Louise de Vilmorin - Jean Hugo
Correspondance 1935-1954
© Éditions Honoré Champion
48- 175 Louise de Vilmorin à Jean Hugo
Verrières
Lundi 13 sept[embre] 1948
Mon amour,
Je reçois ce matin ta lettre du 11. Elle me bouleverse. C’est donc que je t’aime encore. Je sais pourquoi j’ai pris cette décision de me priver de toi, mais je ne la comprends plus. Toutes les lettres que je t’ai écrites ces jours derniers sont là, sur ma table. C’est très ridicule. Dès que tu me dis un mot tendre, il m’attendrit. J’ai beau prétendre ne plus te croire, je cherche encore ton cœur. Pardonne-moi au moins la peine que je me fais. C’est le principal.

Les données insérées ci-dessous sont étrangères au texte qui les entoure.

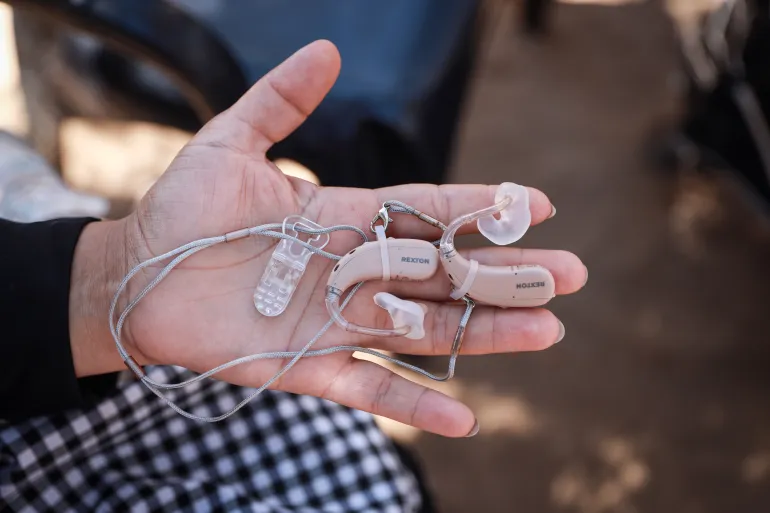 Hand holding hearing aid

Le temps est affreux. J’ai été à Paris tantôt avec André. J’ai dîné au restaurant hongrois avec les comtes Jankovics, père et fils. Ennuyeux. À 10 h, j’étais de retour ici. Il en est 11 à présent et je vais me coucher. Je me sens malade de plus en plus ; je respire très mal ; j’ai des douleurs dans tout le corps et je crois attendre un enfant. Mon Dieu que cet enfant-là sera triste ! Que Dieu lui donne ton cœur et non le mien qui est une boule de feu, un foyer de folie. Tu es toujours dans mes pensées. Je te vois partout. Je ne désire que te revoir. Dors-tu toujours aux hortensias ? De Montélimar, avant-hier, je t’ai envoyé du nougat. Jean François Lefèvre-P[ontalis] m’a téléphoné. Il part pour l’Allemagne et voudrait aller à Fourques vers le 15 octobre. Moi aussi. Je te caresse bien, mon Jean.

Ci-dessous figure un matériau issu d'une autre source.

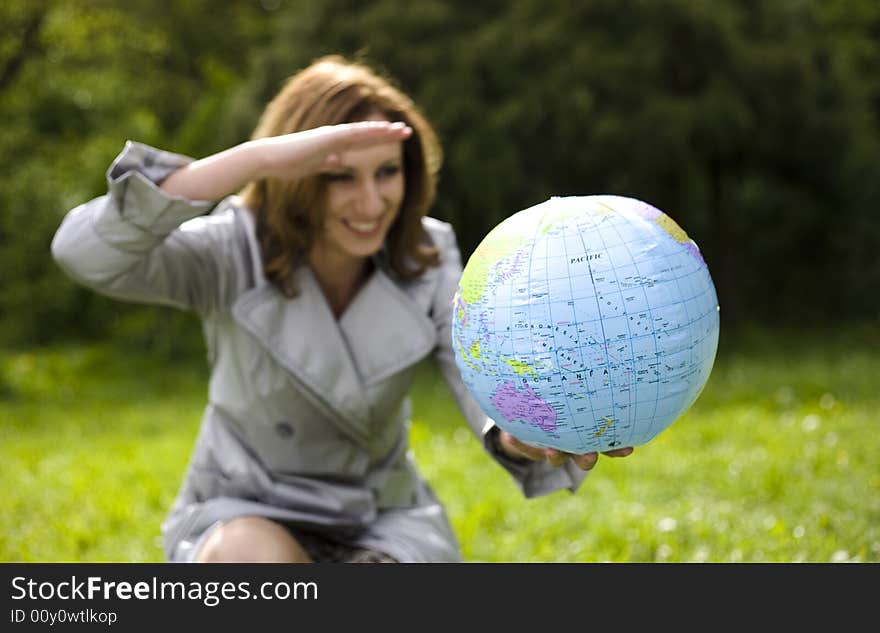 Young Woman Looking On Globe. Travel Concept. Young Woman Looking On Globe. Travel Concept.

Mille baisers volent vers toi.
(Suite de mes mémoires.)
J’aimais beaucoup ma nourrice. Elle me préférait à mes frères et à ma sœur qui étaient plus indépendants que moi. Elle me croyait toujours en danger, parce que j’étais peureuse ; je lui communiquais ma peur, elle volait à mon secours et m’aimait pour cela ; elle me croyait capable de tout, parce que j’avais trop bon cœur et aucun sens des réalités. Je n’avais non plus aucun désir d’apprendre, de m’instruire, ni aucune curiosité, ce qui aurait pu être une source de distraction et d’expérience. Non, l’inconnu m’effrayait et je n’ai jamais eu envie de rien découvrir. Nounou vivait pour moi et moi je vivais pour ma poupée qui, pour moi, vivait.
J’ai toujours été très sensible à ce que j’ai imaginé et davantage souffert de malheurs imaginaires que de malheurs réels. J’ai passé ma vie à me faire des idées, à voir des choses qui n’étaient pas et d’autres telles qu’elles n’étaient pas ; à éprouver des sentiments violents pour des personnes réelles mais qui, transformées malgré moi dès qu’elles avaient attiré mon regard, ne pouvaient plus que me décevoir et me confondre ; à connaître des triomphes par des dons que je ne possède pas ; à subir des échecs dans des luttes que je n’ai pas entreprises ; à pleurer des morts qui sont, Dieu merci, bien vivants. J’ai cent fois fait mourir chacun de mes frères ; je me suis noyée mille fois ; j’ai prononcé un nombre considérable de dernières paroles ; j’ai été touchante, héroïque, exemplaire ; j’ai fait des miracles, j’ai joué de grands rôles, et, bien que rien de tout cela n’ait été vrai, je suis fatiguée par ces élans, par ces luttes et par ces compagnies. Mon imagination m’a inventée sans me donner une vie, voilà pourquoi je pleure. (...)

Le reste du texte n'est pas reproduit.